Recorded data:

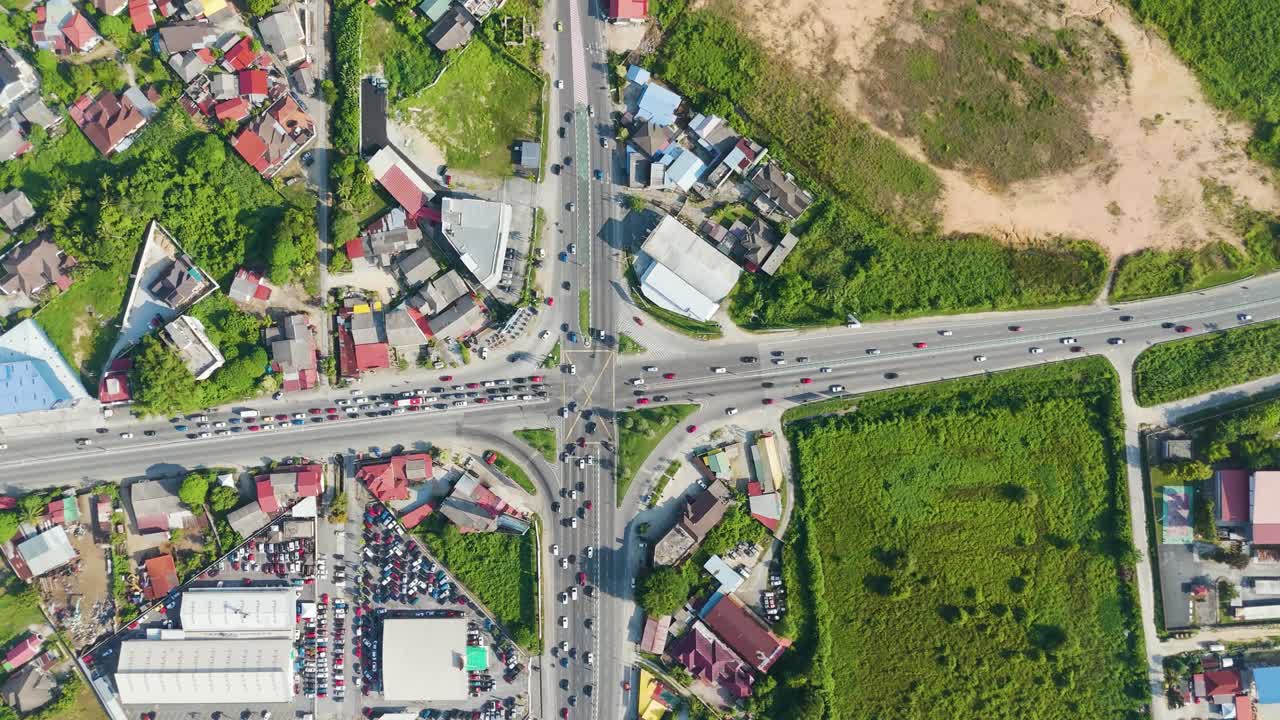 Aerial top-down view of Kota Bharu, Malaysia, capturing a busy traffic intersection surrounded by urban buildings, greenery, and mixed-use city areas in daylight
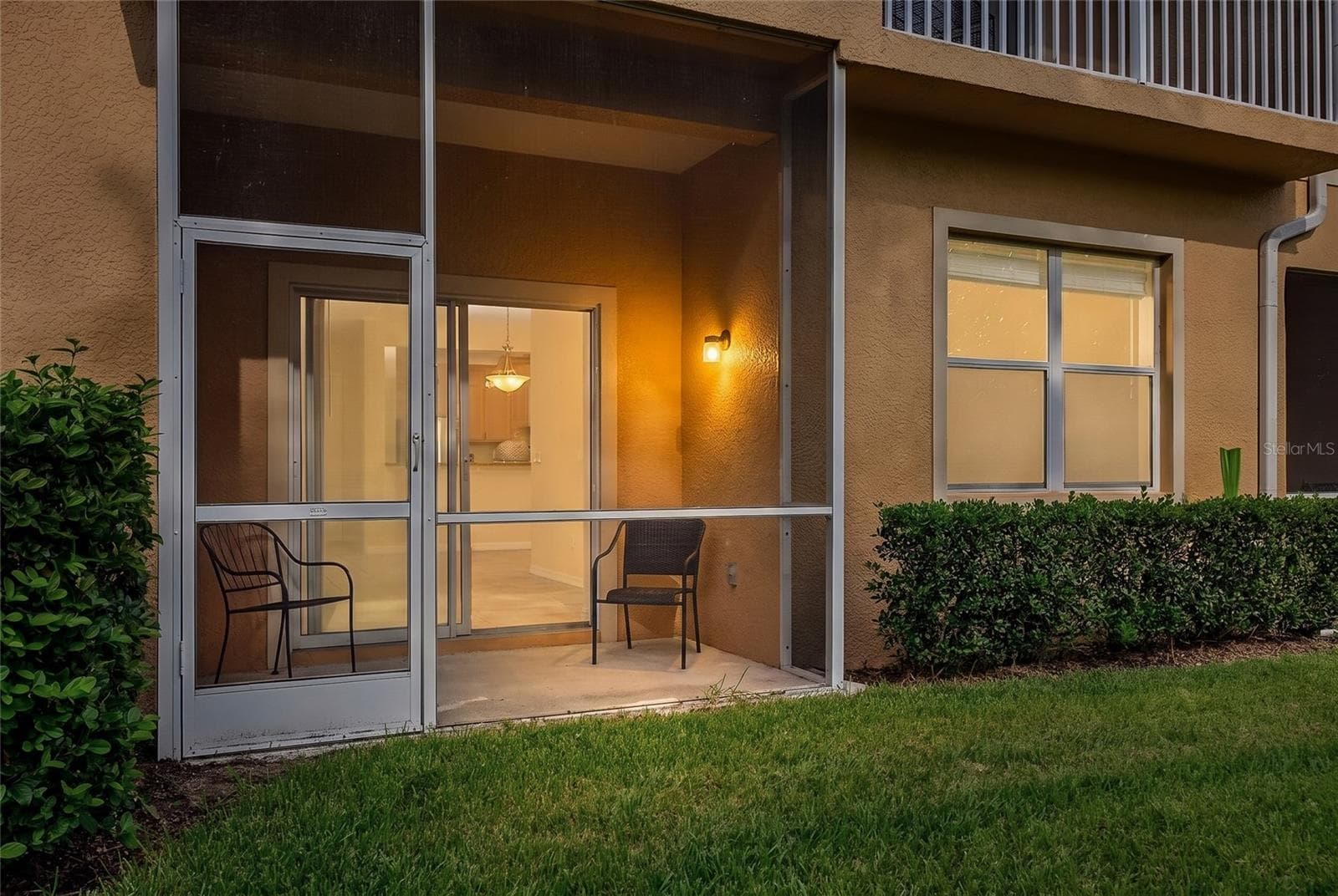 Screened lanai with pond view - 3707 PARKRIDGE CIR #7-106, SARASOTA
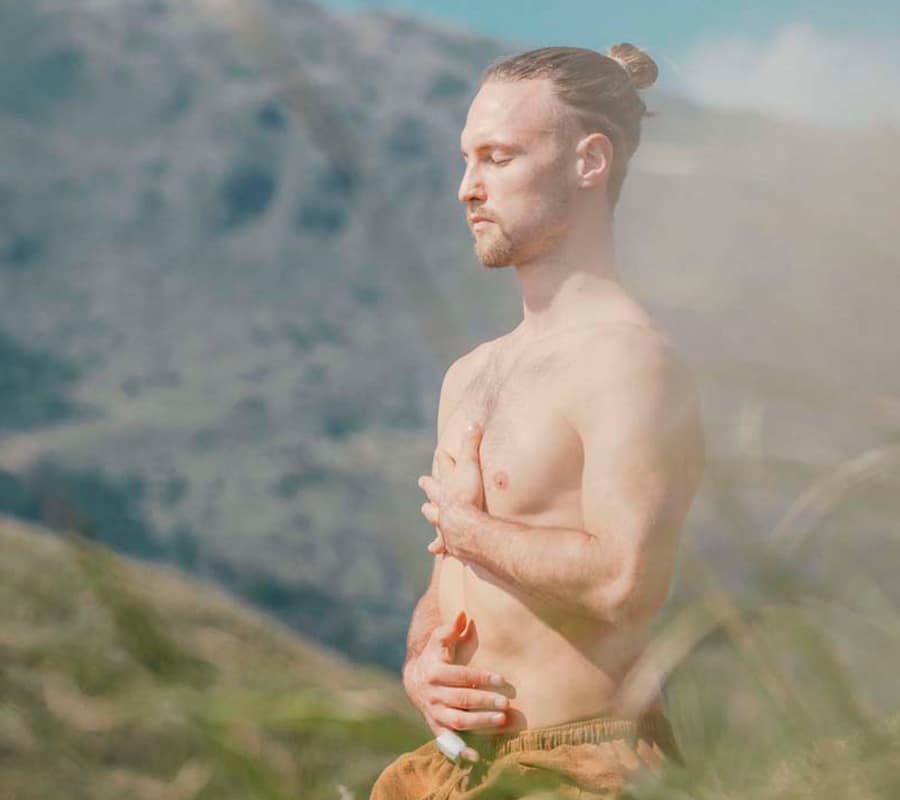 Man Meditating In Nature Near Mountains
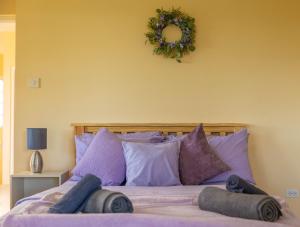 a bed with purple pillows and a wreath on the wall at Pierocks Highgate Entire house Free Parking and WI-FI in Arnos Vale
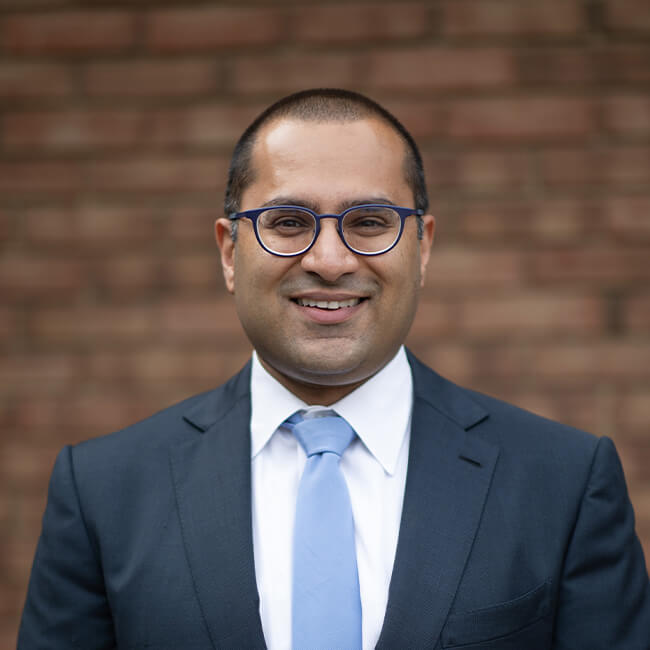 Dr. Avery Arora smiles in a headshot taken outside of his office.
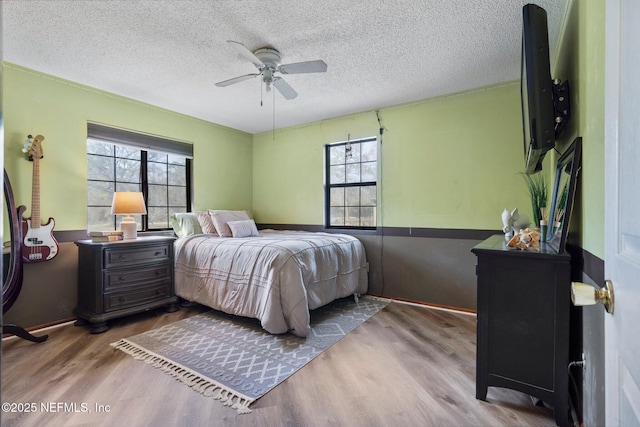 bedroom with multiple windows, ceiling fan, hardwood / wood-style floors, and a textured ceiling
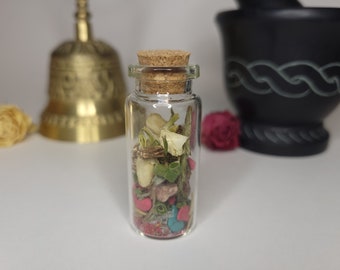 May include: A small glass bottle with a cork stopper filled with dried herbs, flowers, and colorful beads. The bottle is clear and the contents are visible.
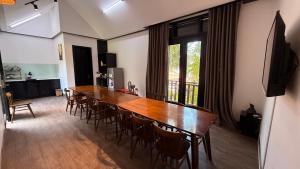 a dining room with a large wooden table and chairs at MAI Villa Da Nang in Da Nang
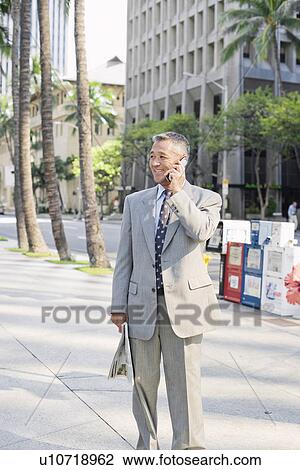Businessman using mobile phone View Large Photo Image Stock Image - Businessman using mobile phone. Fotosearch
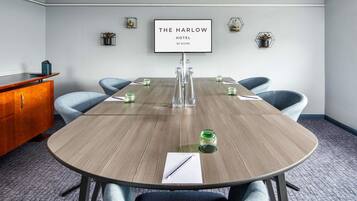 A conference room with a wooden table, six chairs, a framed sign on the wall, and a wooden cabinet.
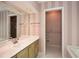 A bathroom with double sinks, wood cabinets, and a separate room for the toilet at 2261 Byron Sw Ct, Marietta, GA 30064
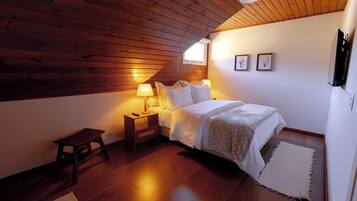 A bedroom with a wooden ceiling, a bed with white bedding, two bedside lamps, a small wooden stool, and a rug on the floor.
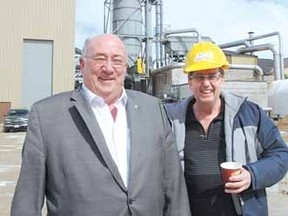 Perth-Wellington MP Gary Schellenberger, left, and Dave Smith, president of Atwood Resources, are shown Friday in front of the almost-completed gasification plant that's expected to begin operations in about a month.  (DONAL O'CONNOR, The Beacon Herald)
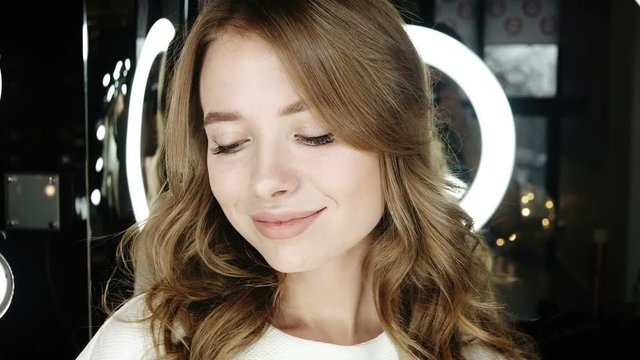 Beautiful woman smiling. Professional fashion model looking into the camera. Portrait of young happy beautiful woman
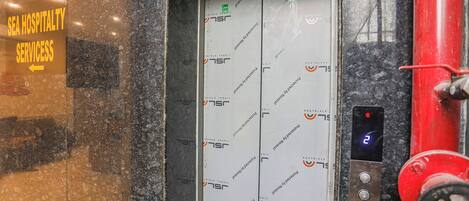 An elevator with a sign indicating 'SEA HOSPITALITY SERVICES' and a directional arrow.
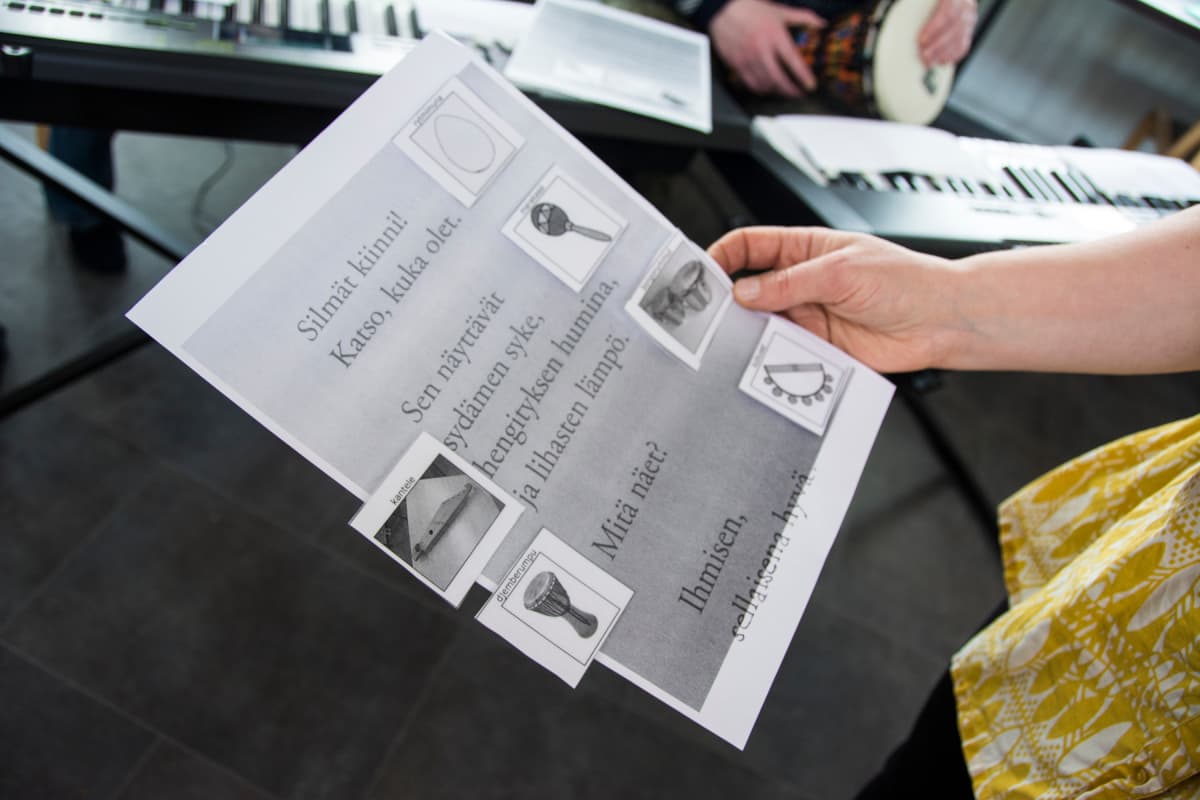 Yhteisömusiikin opettaja pitelee käsissään runoa, johon on kiinnitetty kuvia erilaisista soittimista.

◆ WHAT NEEDS TO BE DONE
Once the line containing "Dr. Avery Arora" is found, write out exactly that line and each line after it through the end of the entries, omitting pictures.

◆ RESULT
 Dr. Avery Arora smiles in a headshot taken outside of his office.
 bedroom with multiple windows, ceiling fan, hardwood / wood-style floors, and a textured ceiling
 May include: A small glass bottle with a cork stopper filled with dried herbs, flowers, and colorful beads. The bottle is clear and the contents are visible.
 a dining room with a large wooden table and chairs at MAI Villa Da Nang in Da Nang
Businessman using mobile phone View Large Photo Image Stock Image - Businessman using mobile phone. Fotosearch
 A conference room with a wooden table, six chairs, a framed sign on the wall, and a wooden cabinet.
 A bathroom with double sinks, wood cabinets, and a separate room for the toilet at 2261 Byron Sw Ct, Marietta, GA 30064
 A bedroom with a wooden ceiling, a bed with white bedding, two bedside lamps, a small wooden stool, and a rug on the floor.
 Perth-Wellington MP Gary Schellenberger, left, and Dave Smith, president of Atwood Resources, are shown Friday in front of the almost-completed gasification plant that's expected to begin operations in about a month.  (DONAL O'CONNOR, The Beacon Herald)
 Beautiful woman smiling. Professional fashion model looking into the camera. Portrait of young happy beautiful woman
 An elevator with a sign indicating 'SEA HOSPITALITY SERVICES' and a directional arrow.
 Yhteisömusiikin opettaja pitelee käsissään runoa, johon on kiinnitetty kuvia erilaisista soittimista.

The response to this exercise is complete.